Coruba Fishing contestant lands a whopper

By Doug Laing


The Hawke's Bay Sports Fishing Club's last Coruba fishing contest got under way in dramatic fashion yesterday when one of biggest marlin caught in the tournament since it was first held in 1978 was landed in the first few hours.

As if by design, the 128kg "stripey" was landed by Napier architect and first-time Coruba-goer Keith Redman.

He and Cut and Dodge skipper David Dodge, along with fellow crew Brian Jenkinson and Neil Smith, were back in the clubhouse for lunch on the first of the tournament's three days.

Toasting with a green one, opposite the usual bank of the sponsor's fine product, he said he wouldn't have done it without their help, particularly the skills of the skipper.

"The other guys' help was just amazing," Mr Redman said. "And Dodgey's driving was fantastic. I couldn't have done it without the crew."

It easily surpassed the next-biggest ocean offering of the 50-year-old's fishing pastime, a 10-15kg albacore at some time he can't remember, and had he been a member of the club one of yesterday's rewards would have been a club record for striped marlin, one member said.

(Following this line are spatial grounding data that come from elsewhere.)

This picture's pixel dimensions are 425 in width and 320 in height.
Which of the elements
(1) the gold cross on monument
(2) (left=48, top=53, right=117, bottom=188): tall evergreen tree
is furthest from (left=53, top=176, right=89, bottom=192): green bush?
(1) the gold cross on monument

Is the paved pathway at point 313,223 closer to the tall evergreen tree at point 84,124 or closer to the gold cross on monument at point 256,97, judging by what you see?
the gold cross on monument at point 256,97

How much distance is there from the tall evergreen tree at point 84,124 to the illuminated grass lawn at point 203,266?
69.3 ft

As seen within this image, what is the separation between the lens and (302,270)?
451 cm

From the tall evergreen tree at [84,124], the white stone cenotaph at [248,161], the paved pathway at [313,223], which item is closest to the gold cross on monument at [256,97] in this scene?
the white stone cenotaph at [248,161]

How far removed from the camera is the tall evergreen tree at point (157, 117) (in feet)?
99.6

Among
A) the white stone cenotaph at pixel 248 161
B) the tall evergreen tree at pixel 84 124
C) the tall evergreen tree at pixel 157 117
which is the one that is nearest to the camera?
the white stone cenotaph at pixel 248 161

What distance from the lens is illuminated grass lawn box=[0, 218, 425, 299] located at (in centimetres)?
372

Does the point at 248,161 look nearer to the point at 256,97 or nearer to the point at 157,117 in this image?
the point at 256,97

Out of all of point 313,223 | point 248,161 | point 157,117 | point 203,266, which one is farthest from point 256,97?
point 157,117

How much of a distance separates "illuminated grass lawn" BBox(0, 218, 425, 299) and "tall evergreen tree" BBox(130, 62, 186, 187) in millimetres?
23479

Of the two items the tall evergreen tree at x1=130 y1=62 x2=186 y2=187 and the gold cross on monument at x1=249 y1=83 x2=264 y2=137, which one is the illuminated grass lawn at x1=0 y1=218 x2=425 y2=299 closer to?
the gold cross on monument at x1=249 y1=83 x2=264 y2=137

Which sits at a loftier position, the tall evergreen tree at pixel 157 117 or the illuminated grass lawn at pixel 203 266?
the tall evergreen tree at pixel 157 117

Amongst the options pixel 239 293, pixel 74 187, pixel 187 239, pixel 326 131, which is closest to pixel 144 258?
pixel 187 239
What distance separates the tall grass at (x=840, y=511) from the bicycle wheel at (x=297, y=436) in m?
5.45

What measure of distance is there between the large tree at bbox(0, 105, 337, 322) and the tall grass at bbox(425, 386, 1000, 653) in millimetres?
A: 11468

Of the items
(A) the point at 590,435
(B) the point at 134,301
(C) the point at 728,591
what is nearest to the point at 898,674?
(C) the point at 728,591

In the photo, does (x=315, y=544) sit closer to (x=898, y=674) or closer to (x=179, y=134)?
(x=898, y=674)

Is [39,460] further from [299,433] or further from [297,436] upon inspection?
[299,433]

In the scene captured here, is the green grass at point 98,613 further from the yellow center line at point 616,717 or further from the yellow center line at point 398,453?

The biggest striped marlin previously landed in the Coruba is thought to have been a 153kg specimen caught three years ago by then 20-year-old Hastings angler Nick Kirk, who was also not a club member.

Mr Redman paid the $85 entry fee because he, prophetically, thought it'd be "a lot of fun".

"It's a great feeling," he said after the catch, sure that even though a favourite to win at least $10,000 worth of the contest's $100,000 offerings, he will be out on the briny again today.

Yesterday, they put to sea at 7am, had the lines in the water 23 miles out with Cape Kidnappers just visible in the distance a bit more than an hour later, and had their first catch on the boat soon afterwards: an 8.5kg albacore for Mr Smith.

It was about 9.10am that Mr Redman felt the first haul on the 24kg line and he became involved in a one-and-a-half hour standing fight on the 6.5m boat, rough-riding two-metre swells for extra competition.

"My first Coruba ... so I feel a bit like I've robbed people," he said back at the club, convinced he'd earned his couple of days off at his business, RFR Building Design.